# TASK TO COMPLETE
Exactly as written, transcribe the data from its opening line through the line containing "Jim Jarmusch". Leave every picture out.

# SOURCE DATA
***

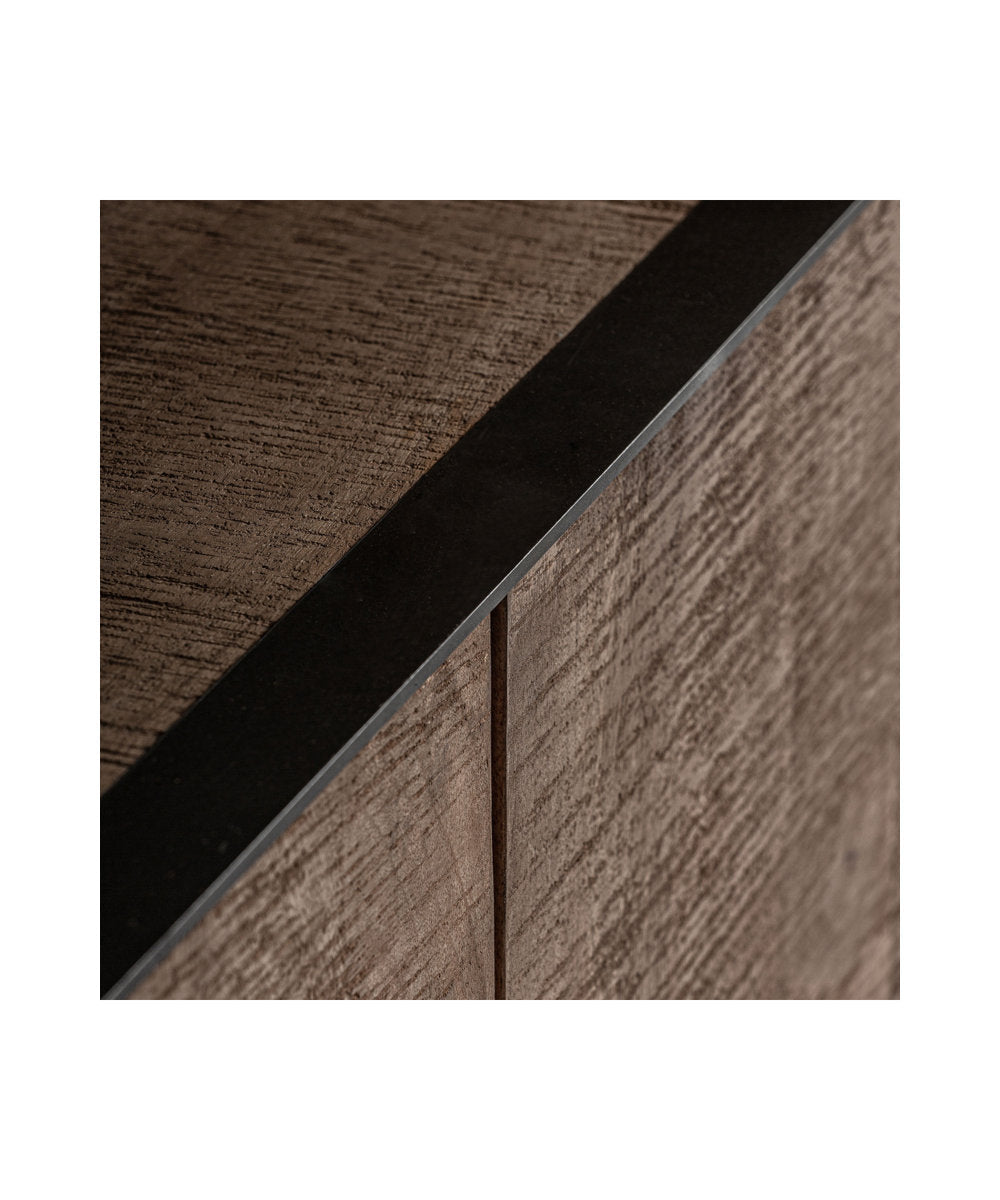 Oroa Krefeld Sideboard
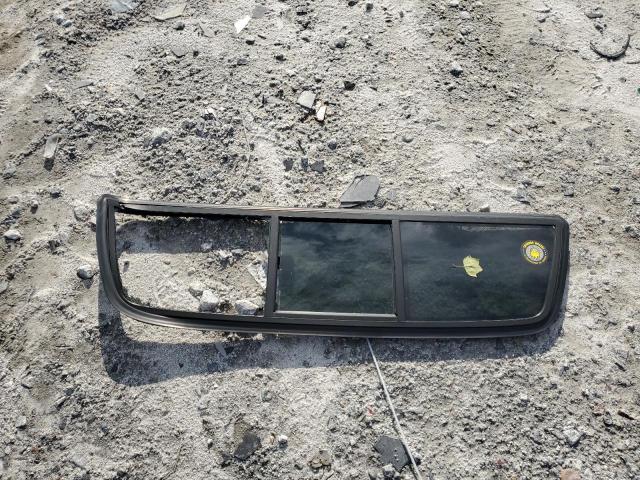 5TESN92N13Z155653 - 2003 TOYOTA TACOMA XTRACAB PRERUNNER 银色 照片 12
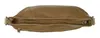 The Chesterfield Brand Sintra Schultertasche Leder 34 cm Produktbild-Vorschau 3
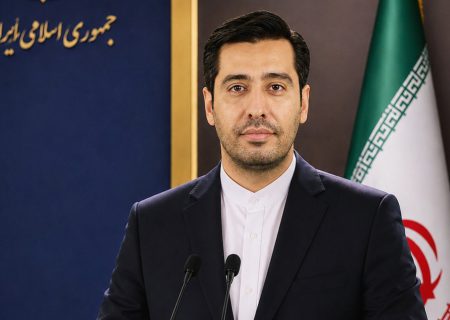 طرح ۸ بندی بیمهنا برای نجات نظام بیمه درمان از پراکندگی و فساد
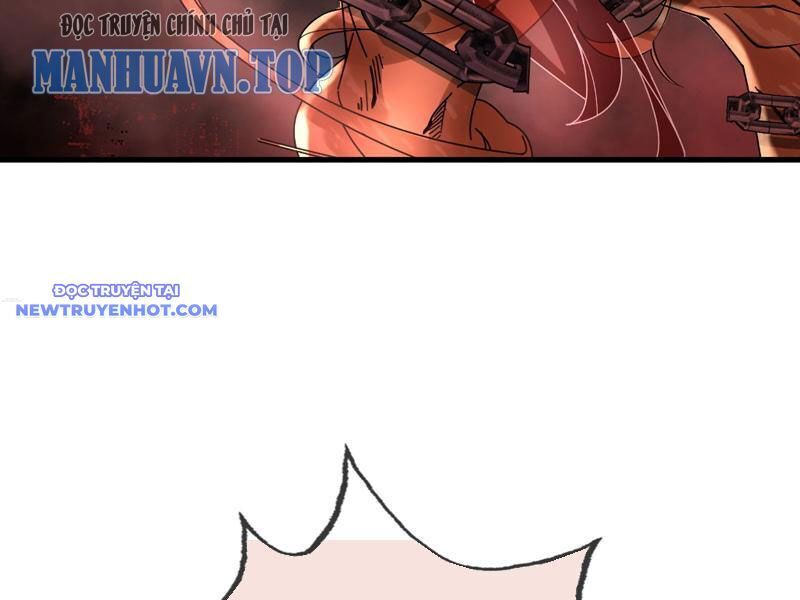 Ngủ Say Vạn Cổ: Xuất Thế Quét Ngang Chư Thiên - Chapter 4 - Page 121
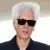 Jim Jarmusch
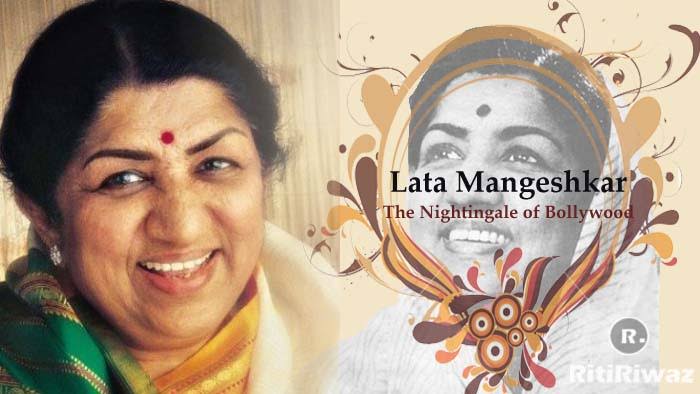 Subhapradaprad1's tweet photo. Your Life journey is a book for everyone.When someone used to listen to your song then all his tiredness would disappear. Your every song 🎵 gives freshness to our heart  ❤. It’s a end of the golden era! The legend #BharatRatna #LataMangeshkar has left us today. R.I.P 🙏🙏 https://t.co/SvUkSTNKt4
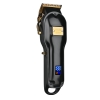 Picture of WMARK NG-2020C Rechargeable Hair Clipper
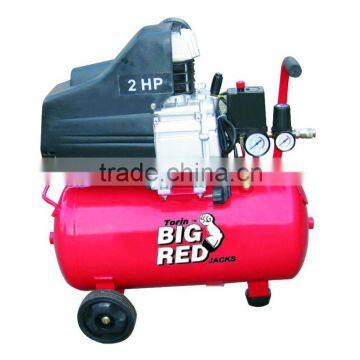 Torin 24L Air Compressor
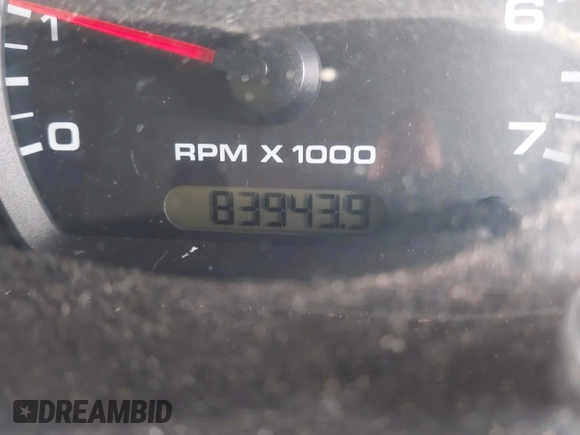 2011 Ford Ranger XLT with VIN 1FTLR4FE3BPA87626, listed as a IAAI auction lot 42658862 with 83,943 mi miles and . Bid and sale history available at DreamBid. Image 15.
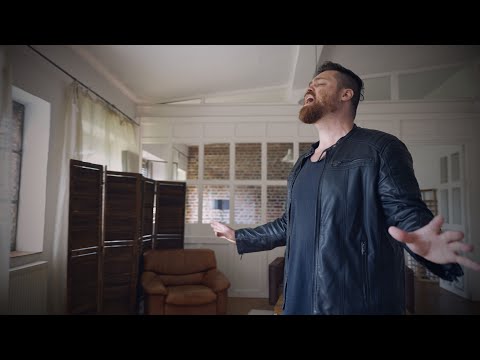 BEHNKE - 4,6 Milliarden (Acoustic Version) (Official Video)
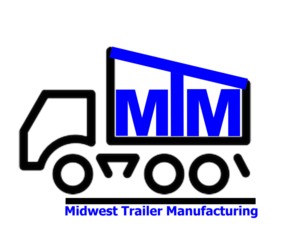 Logo Design by adawi7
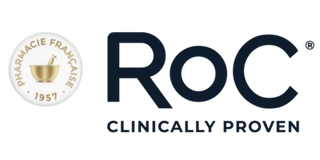 Logo RoC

***

# OUTPUT OF THE EXERCISE
 Oroa Krefeld Sideboard
 5TESN92N13Z155653 - 2003 TOYOTA TACOMA XTRACAB PRERUNNER 银色 照片 12
 The Chesterfield Brand Sintra Schultertasche Leder 34 cm Produktbild-Vorschau 3
 طرح ۸ بندی بیمهنا برای نجات نظام بیمه درمان از پراکندگی و فساد
 Ngủ Say Vạn Cổ: Xuất Thế Quét Ngang Chư Thiên - Chapter 4 - Page 121
 Jim Jarmusch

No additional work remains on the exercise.